• [Problem description] The records below are to be retyped in full. Keep every word.

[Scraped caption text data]
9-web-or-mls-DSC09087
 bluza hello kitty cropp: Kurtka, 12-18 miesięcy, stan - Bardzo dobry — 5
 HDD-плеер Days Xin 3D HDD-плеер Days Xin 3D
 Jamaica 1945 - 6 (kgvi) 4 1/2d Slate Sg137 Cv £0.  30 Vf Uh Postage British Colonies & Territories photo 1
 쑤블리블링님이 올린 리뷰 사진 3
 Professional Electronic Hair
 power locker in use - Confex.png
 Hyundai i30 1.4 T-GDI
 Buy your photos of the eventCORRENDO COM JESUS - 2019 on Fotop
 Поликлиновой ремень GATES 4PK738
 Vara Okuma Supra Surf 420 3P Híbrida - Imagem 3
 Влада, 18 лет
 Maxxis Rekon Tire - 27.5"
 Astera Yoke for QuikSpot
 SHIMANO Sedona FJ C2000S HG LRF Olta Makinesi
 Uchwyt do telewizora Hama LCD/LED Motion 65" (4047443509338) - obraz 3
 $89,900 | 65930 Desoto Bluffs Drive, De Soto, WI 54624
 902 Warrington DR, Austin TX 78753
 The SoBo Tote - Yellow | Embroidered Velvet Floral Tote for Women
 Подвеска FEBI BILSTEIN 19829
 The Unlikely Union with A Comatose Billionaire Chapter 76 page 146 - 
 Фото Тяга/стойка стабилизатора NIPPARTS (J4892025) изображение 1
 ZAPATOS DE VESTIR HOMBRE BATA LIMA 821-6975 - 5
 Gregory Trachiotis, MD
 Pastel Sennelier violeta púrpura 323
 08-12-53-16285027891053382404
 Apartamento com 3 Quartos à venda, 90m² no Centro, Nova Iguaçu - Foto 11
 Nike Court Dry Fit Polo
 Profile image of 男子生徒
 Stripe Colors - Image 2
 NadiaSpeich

• [Written answer]
9-web-or-mls-DSC09087
 bluza hello kitty cropp: Kurtka, 12-18 miesięcy, stan - Bardzo dobry — 5
 HDD-плеер Days Xin 3D HDD-плеер Days Xin 3D
 Jamaica 1945 - 6 (kgvi) 4 1/2d Slate Sg137 Cv £0.  30 Vf Uh Postage British Colonies & Territories photo 1
 쑤블리블링님이 올린 리뷰 사진 3
 Professional Electronic Hair
 power locker in use - Confex.png
 Hyundai i30 1.4 T-GDI
 Buy your photos of the eventCORRENDO COM JESUS - 2019 on Fotop
 Поликлиновой ремень GATES 4PK738
 Vara Okuma Supra Surf 420 3P Híbrida - Imagem 3
 Влада, 18 лет
 Maxxis Rekon Tire - 27.5"
 Astera Yoke for QuikSpot
 SHIMANO Sedona FJ C2000S HG LRF Olta Makinesi
 Uchwyt do telewizora Hama LCD/LED Motion 65" (4047443509338) - obraz 3
 $89,900 | 65930 Desoto Bluffs Drive, De Soto, WI 54624
 902 Warrington DR, Austin TX 78753
 The SoBo Tote - Yellow | Embroidered Velvet Floral Tote for Women
 Подвеска FEBI BILSTEIN 19829
 The Unlikely Union with A Comatose Billionaire Chapter 76 page 146 - 
 Фото Тяга/стойка стабилизатора NIPPARTS (J4892025) изображение 1
 ZAPATOS DE VESTIR HOMBRE BATA LIMA 821-6975 - 5
 Gregory Trachiotis, MD
 Pastel Sennelier violeta púrpura 323
 08-12-53-16285027891053382404
 Apartamento com 3 Quartos à venda, 90m² no Centro, Nova Iguaçu - Foto 11
 Nike Court Dry Fit Polo
 Profile image of 男子生徒
 Stripe Colors - Image 2
 NadiaSpeich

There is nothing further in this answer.